Larry Niven
Protector (1973)
Reviewed: 1996-08-10

Another Known Space work of Niven, this book unexpectedly turns out to be a grand space opera. The novel is evenly split into two parts separated by a gap of 200 years. In the first part, which is set some 15 years after the events in The World of Ptavvs, and where we meet again the now retired ARM Luke Garner, contact is made with the first alien ever to arrive from outside the Solar System, a traveller of 32,000 years whose history leads to unexpected revelations concerning the origin of the human race. Brennan, the Belter who first came face to face with the alien Pak, and as a result of the encounter has been changed forever in more than a metaphorical sense, appears again in the second part of the book, where it is up to him to save humanity from an impending invasion of the genocidal Pak.

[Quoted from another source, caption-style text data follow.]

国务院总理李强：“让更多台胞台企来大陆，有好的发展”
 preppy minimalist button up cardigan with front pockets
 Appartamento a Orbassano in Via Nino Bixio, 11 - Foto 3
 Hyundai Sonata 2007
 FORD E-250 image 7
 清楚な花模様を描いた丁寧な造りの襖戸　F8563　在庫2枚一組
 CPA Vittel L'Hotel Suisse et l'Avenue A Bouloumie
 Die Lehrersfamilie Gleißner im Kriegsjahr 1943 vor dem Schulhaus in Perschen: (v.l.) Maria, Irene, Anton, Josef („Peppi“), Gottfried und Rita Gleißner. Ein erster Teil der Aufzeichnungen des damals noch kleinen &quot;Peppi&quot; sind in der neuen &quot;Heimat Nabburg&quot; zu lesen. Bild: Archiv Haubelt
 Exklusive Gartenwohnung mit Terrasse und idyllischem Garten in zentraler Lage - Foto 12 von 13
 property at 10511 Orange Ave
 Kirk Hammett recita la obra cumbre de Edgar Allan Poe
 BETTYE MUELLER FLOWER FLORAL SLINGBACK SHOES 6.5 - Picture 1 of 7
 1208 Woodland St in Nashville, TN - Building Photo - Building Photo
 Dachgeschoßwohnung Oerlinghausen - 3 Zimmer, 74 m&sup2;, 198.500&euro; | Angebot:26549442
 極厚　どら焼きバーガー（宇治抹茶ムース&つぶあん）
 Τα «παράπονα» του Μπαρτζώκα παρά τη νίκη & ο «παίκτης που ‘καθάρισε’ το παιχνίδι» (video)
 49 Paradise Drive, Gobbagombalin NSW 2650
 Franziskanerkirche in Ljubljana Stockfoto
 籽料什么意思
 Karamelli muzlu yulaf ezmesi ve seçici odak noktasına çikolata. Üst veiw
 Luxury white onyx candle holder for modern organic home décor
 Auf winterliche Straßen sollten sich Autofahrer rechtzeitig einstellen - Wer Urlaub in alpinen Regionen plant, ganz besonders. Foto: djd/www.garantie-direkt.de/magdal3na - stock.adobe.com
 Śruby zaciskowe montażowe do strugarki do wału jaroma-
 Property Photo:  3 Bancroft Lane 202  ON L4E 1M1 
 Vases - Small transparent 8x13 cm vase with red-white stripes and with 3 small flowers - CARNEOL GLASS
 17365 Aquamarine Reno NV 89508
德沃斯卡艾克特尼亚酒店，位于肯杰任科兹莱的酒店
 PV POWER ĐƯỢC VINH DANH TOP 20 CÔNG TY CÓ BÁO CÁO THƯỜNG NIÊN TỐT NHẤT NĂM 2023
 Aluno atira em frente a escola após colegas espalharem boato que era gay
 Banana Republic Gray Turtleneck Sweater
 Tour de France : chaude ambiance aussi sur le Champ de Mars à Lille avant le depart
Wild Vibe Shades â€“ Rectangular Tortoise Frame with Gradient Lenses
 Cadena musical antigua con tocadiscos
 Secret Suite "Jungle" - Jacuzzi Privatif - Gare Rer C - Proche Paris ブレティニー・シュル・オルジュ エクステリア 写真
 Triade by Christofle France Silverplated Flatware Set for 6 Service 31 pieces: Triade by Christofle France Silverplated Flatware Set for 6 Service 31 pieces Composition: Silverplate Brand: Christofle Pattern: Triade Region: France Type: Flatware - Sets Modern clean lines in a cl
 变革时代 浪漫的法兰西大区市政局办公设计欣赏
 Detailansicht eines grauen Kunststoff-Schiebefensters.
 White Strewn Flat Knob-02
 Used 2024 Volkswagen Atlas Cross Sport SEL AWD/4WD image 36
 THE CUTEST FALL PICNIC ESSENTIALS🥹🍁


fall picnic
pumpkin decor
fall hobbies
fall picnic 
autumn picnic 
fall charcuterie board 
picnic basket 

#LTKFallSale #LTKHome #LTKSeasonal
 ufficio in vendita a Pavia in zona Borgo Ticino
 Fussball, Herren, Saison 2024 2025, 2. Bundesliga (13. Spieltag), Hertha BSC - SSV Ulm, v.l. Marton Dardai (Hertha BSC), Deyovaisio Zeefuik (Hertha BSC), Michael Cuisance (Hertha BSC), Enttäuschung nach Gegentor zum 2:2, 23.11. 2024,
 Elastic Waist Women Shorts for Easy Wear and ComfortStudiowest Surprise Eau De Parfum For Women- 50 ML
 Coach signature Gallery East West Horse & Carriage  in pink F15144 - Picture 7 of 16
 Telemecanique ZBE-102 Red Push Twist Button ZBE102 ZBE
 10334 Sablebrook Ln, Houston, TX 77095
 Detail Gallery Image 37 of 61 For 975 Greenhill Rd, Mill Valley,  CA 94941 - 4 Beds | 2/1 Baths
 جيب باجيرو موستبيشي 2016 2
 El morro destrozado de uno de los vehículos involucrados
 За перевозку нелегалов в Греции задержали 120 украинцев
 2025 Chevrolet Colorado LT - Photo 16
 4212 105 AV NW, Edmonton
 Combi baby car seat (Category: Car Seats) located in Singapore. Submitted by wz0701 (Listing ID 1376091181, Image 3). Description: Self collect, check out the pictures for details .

Niven crams many ideas and familiar plot elements into this novel. There's first contact, a rewrite of human origins which is both intriguing and absurdly implausible, there's a transhuman component, and the climactic battle between ramscoop ships at relativistic speeds is an instant classic. I found Protector a compulsive read, but beware: this book is not driven by its characters. A Pak makes an inherently boring protagonist by himself and the humans are only exciting as far as they represent all of humanity. The large scale of the distances involved, both in time and space, the sheer outlandishness of Pak biology, and a succeeding contrast of entirely fictional super-engineering and established physics combine to create a stunning if flawed novel, fast-paced and compactly written.